In 1990, Mongolia abandoned its 70-year-old Soviet-style one-party system in favour of political and economic reforms and multiparty elections.
Vast quantities of untapped mineral wealth have made it a target for foreign investors, transforming the country's tiny but fast-growing economy. This rapid change has taken place against a backdrop of political wrangling and government pledges to tighten control over the country's assets.
Once the heartland of an empire stretching to Europe under Genghis Khan, Mongolia is a landlocked country dominated by sparsely populated steppe and semi-desert.
A third of the population lives in the capital, while around 40% of the country's workforce is nomadic, herding livestock in the extensive pasturelands.
President: Khaltmaa Battulga
Populist former martial arts star and businessman Khaltmaa Battulga was sworn in as president in July 2017, after winning a run-off election.

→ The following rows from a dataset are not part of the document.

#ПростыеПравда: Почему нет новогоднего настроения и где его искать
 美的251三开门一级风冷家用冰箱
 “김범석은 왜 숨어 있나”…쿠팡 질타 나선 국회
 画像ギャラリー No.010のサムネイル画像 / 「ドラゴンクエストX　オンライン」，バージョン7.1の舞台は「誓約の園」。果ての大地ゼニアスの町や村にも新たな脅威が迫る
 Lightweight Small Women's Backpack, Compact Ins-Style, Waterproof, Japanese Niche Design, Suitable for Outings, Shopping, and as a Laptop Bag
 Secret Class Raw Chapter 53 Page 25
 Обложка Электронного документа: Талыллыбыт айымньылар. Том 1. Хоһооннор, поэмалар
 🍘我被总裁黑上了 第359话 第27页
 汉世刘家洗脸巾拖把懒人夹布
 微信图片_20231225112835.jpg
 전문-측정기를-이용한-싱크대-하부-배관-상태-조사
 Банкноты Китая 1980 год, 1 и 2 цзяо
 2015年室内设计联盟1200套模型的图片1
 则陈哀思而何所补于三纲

An MP since 2004, he previously served in government as transport and urban development minister from 2008 to 2012, and as minister of industry and agriculture from 2012 to 2014.
Mr Battulga is the founder of Genco, one of Mongolia's largest holding companies. Formerly a world-champion sambo and judo wrestler, he is currently the president of the Mongolian Judo Association.
Prime minister: Uhnaagiyn Hurelsuh
A public broadcaster competes with privately-owned TV and radio networks.
International observers say media freedom is generally respected, but that journalists tend to self-censor.
Around 67% of Mongolians are online.
Some key dates in Mongolia's history:
1206-63 Genghis Khan unites Mongol tribes and launches a campaign of conquest which eventually results in the world's biggest land empire.
1691- Mongolia comes under the rule of China's Qing dynasty.
1921 - Wins independence but under strict Soviet control.
1990 - Mongolia holds its first free multiparty elections.
2014 - Prime Minister Norov Altankhuyag is dismissed by a parliamentary vote of no confidence and later replaced by Chimed Saikhanbileg.